I hope you brought your helmet.

I've found a Bible big enough to do the same job ...

Do you suppose all the references in the NT, which describe the events of Gen. 1-3 as historical incidents, to be nothing more than accommodations to the belief of the times?

Which "times" are you referring to, that of the ANE, that of the Graeco-Roman world ... ?
 
If there is another source of light other than the sun creating a "morning" and an "evening" on the first 3 days, then why is the sun created on the 4th day when this other source of light (not explicitly mentioned in the narrative) was doing precisely that same job? If there was a "morning" and an "evening" at the end of the first day, and we don't have a sun, then we're dealing with a very unique "morning" and "evening", which begs the question whether it can be called a "morning" or an "evening". etc. etc.

The Scripture explicitly says there were three alternations of "evening and morning" prior to the creation of the heavenly lights, so I am very confident it can indeed be called what Scripture says it was.
 
Which "times" are you referring to, that of the ANE, that of the Graeco-Roman world ... ?
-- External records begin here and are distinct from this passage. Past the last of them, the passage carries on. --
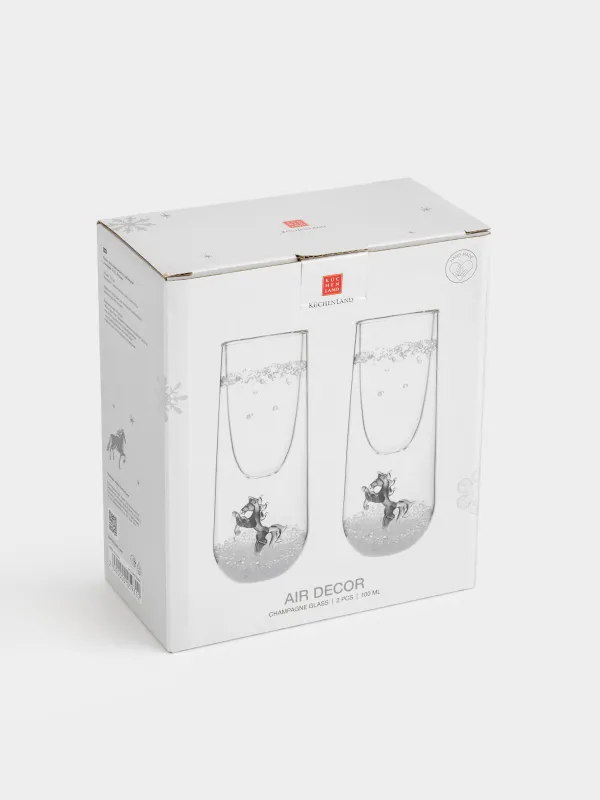Бокал для шампанского, 100 мл, 2 шт, стекло Б, с кристаллами внутри, Лошадь, Air decor, image-4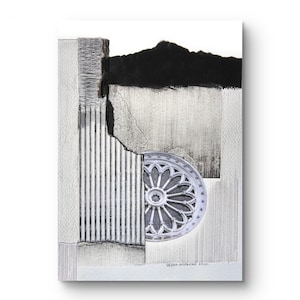 15x21 cm arte mista, collage art, rosetta, grigio, monocromatico, arte per la casa, piccola arte, regalo alla moda, arte originale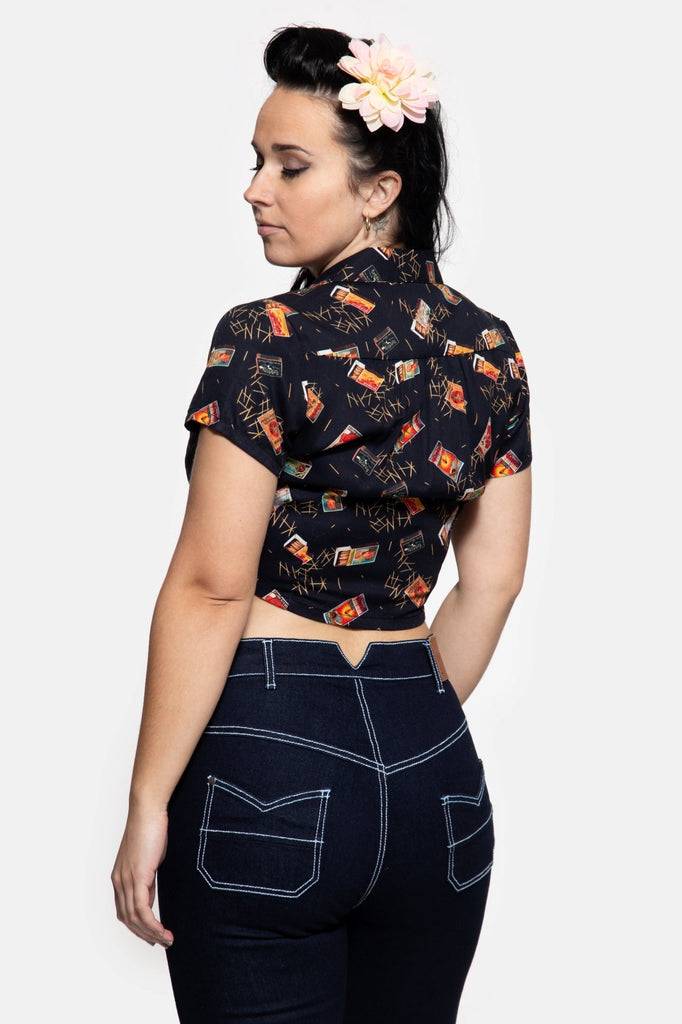 Queen Kerosin Knotenbluse Tägliche Deals
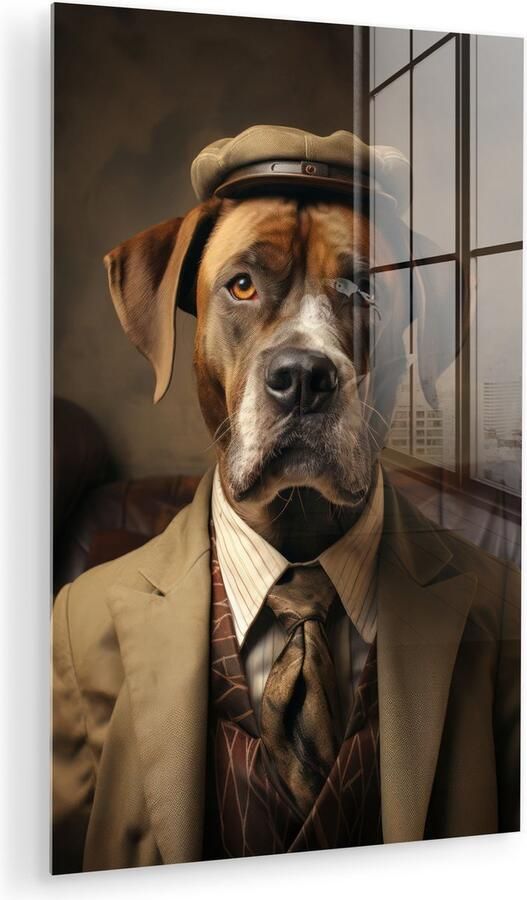 MuchoWow Glasschilderij 40x60 cm Schilderij acrylglas Vintage Hond Hoed Pak Bank Bruin Foto op glas Muurdecoratie woonkamer Wanddecoratie slaapkamer Schilderijen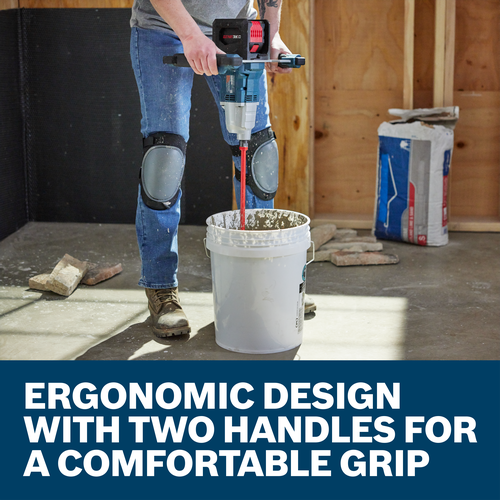 Bosch tool mixing cement in bucket, person wearing knee pads, text: ERGONOMIC DESIGN WITH TWO HANDLES FOR A COMFORTABLE GRIP.
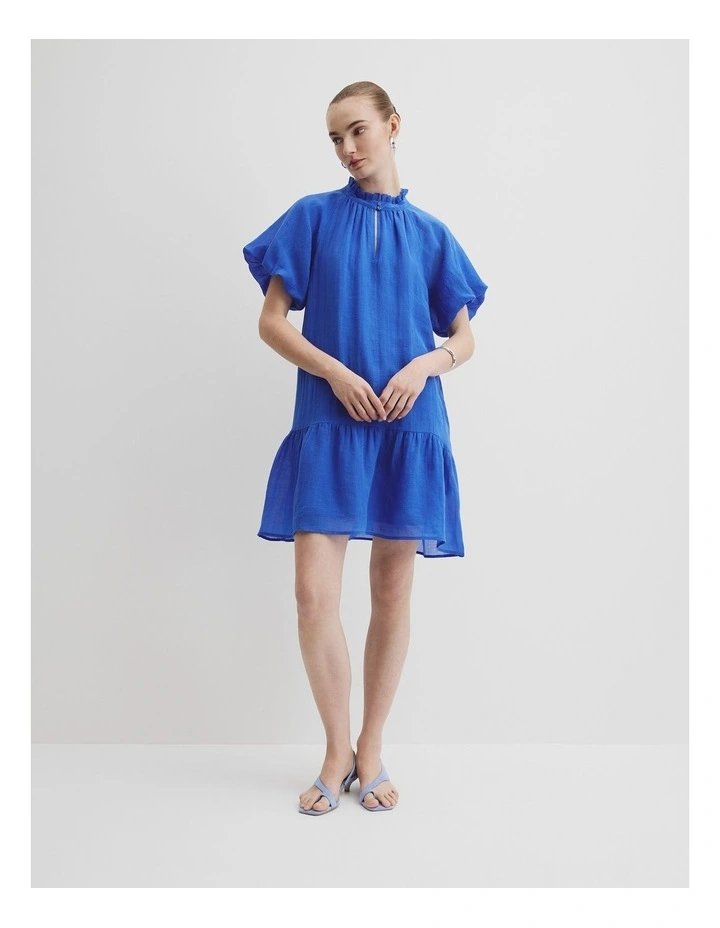 Tiered Mini Dress in Riviera Blue image 2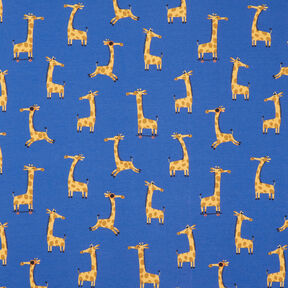 Dżersej bawełniany sportowe żyrafy – błękit królewski, 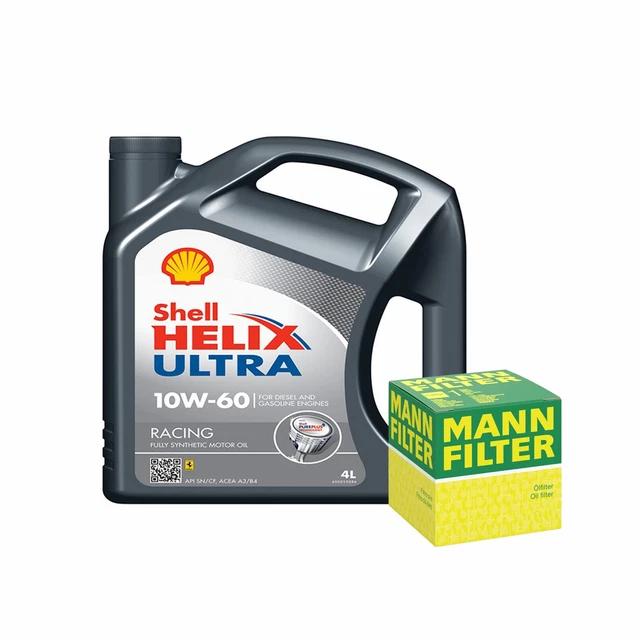 ENGINE OIL 10W60 4L Shell Helix Ultra Racing Mann Oil Filter Service ...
The NT times in which the NT was written. When Paul says God commanded light to shine out of darkness, or Peter says the earth stood out of water and in the water, or Paul says He spake in a certain place of the seventh day, or Jesus says the Sabbath was made for man, and elsewhere that God made them male and female at the beginning, or Paul says the serpent beguiled Eve -- in such cases it seems your only line of argument could be that the speakers did not in actual fact believe these things "happened," but merely accommodated their speech to the people they were addressing.
 
Having been mostly a bystander I agree that Mr. McFadden's points about the verbal patterns have been overlooked: I had also understood the specific points raised about the serpent etc. to be dealt with in the more general replies which is probably why they haven't been individually mentioned. For instance, if one doesn't have a problem accepting a natural reading of a literal day theory of creation regardless of science, why should they have a problem accepting a talking snake? (The 'personality' objection seems rather arbitrary? -but I suppose if it's a real difficulty it's simple enough to point out that we aren't told Balaam's donkey was inhabited by an angelic or demonic being.) If I accept a literal reading of other portions of the Old Testament, for instance where God appears to Abraham, why should I have a problem with God appearing in some way to Adam? If I accept that men approach scripture with presuppositions in the present age, why should it be especially problematic that they had (albeit different ones) to deal with in a former? I don't honestly see that such objections pose real problems for interpreting the text as narrative if one really isn't referencing the meaning of the words to a post enlightenment and largely unexamined approach to science, and what it on its own autonomous authority (which doesn't amount to much) tells us is and isn't possible?
 
I personally take Gen. 1-3 to be like one of Jesus' parables, let's say the Wicked Tennants.

That's a bold claim to make on a conservative discussion board. I hope you brought your helmet.

Do you suppose all the references in the NT, which describe the events of Gen. 1-3 as historical incidents, to be nothing more than accommodations to the belief of the times?

Helmet? You've been hanging around Americans here too long Matthew. Aussies don't need no stinking helmets!

Actually, like everyone else, they have to wear them when they bat in a cricket match. In light of their recent disputes with the Indians, they may need to wear them a lot more.